Ring
Explanation
The Joke
The comic is presented in two panels. In the first, we see a shadowy silhouette of a person contorting their body in what appears to be an attempt to bite their own tail or form a ring shape with their body. The person is muttering: "Just a little more flexible. Yes. There we are. Hips up. Yes. If I can pull this off I'll never need a partner again. I'll be a complete... a complete... huh. Huh."
The second panel, captioned "Many years later," shows a classroom or lecture setting where a teacher explains: "...and the story goes that August Kekule discovered the structure of benzene while imagining a snake biting its own tail."
The Humor
The comic sets up a deliberately misleading first panel. The shadowy silhouette and the dialogue about flexibility, not needing a partner, and becoming "complete" strongly implies a sexual act of self-gratification. The reader is led to assume the person is attempting something salacious. The punchline completely recontextualizes the scene: it was actually the famous chemist August Kekule having his eureka moment about the ring structure of benzene, inspired by a vision of a snake biting its own tail (the ouroboros). The "huh" moment is him realizing the molecule is circular.

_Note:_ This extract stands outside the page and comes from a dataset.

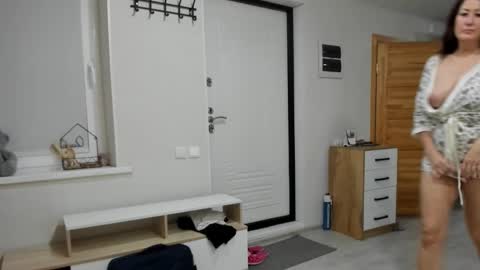 Della online show from 24, 10, 2025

The misdirection is the primary comedic engine here. Weiner sets up expectations in one direction and then pulls the rug out with a wholesome (if eccentric) scientific anecdote. The joke works on two levels: the bait-and-switch itself, and the absurd image of Kekule physically trying to form a ring shape with his own body to understand molecular structure.
References
August Kekule (1829-1896) was a German organic chemist who is credited with discovering the ring structure of benzene (C6H6). He famously claimed that the idea came to him in a daydream of a snake seizing its own tail, an image known as the ouroboros. This story, whether literally true or apocryphal, is one of the most famous anecdotes in the history of chemistry. The ouroboros itself is an ancient symbol depicting a serpent eating its own tail, representing cyclicality and self-reference.